Once again, it’s looking like the United States Army’s unfortunate choice of advertising slogans is a reflection of it’s intended force levels, as it looks like May’s Army recruiting goals were off by either 25% if you believe the “revised” numbers, or over 37% if you believe the actual numbers (the Grey Lady’s piece notes that there will be skepticism caused by the self-serving revision… to coin a phrase… ya’ think?)
This is all part of a growing trend: our military’s largest (and coolest) branches, the Navy and Air Force, which, by and large, do not have heavy contingents on the ground in Iraq, are generally meeting their recruiting goals, whereas the less cool Army and the Marine Corps, which do have heavy contingents on the ground in Iraq, are not. I realize that a lawyer arguing the scientific connection of those facts might contend there was no “proven” relationship (in a “beyond a reasonable doubt” sense to some people), but apparently, our nation’s youth seems to think there is, nonetheless, and is voting with its boots.
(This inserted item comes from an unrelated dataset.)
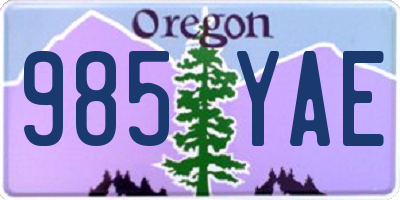 OR license plate 985YAE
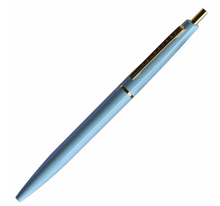 Load image into Gallery viewer, Vermeer blue ball point pen with gold ring in the middle of the pen, gold clip and button.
I tend to go back to what I view as that squandered opportunity we had for those few months after 9-11-01, when, instead of a call for national service that might have enabled the nation to meet national service needs of any kind imaginable, we were instead told to shop. This, in turn, was followed by the lengthy machinations leading up to the Iraq War, followed by the rather unfortunate history of the amazingly rapid victory over the amazingly rapidly collapsed Iraqi military under Saddam Hussein, followed by the easily predictable insurgency with its bloody results.
The Army faces a difficult conundrum; in the short term, it appears that various retention gimmicks have, perhaps, stanched the outward flow of exiting soldiers. On the other hand, army work is, ultimately, a young person’s game, and a nation of 280 million people having trouble meeting manpower needs in the range of 8,000 per month for its army at a time when it is involved in a large-scale ground combat purportedly for its own defense is, to coin a phrase, not good news.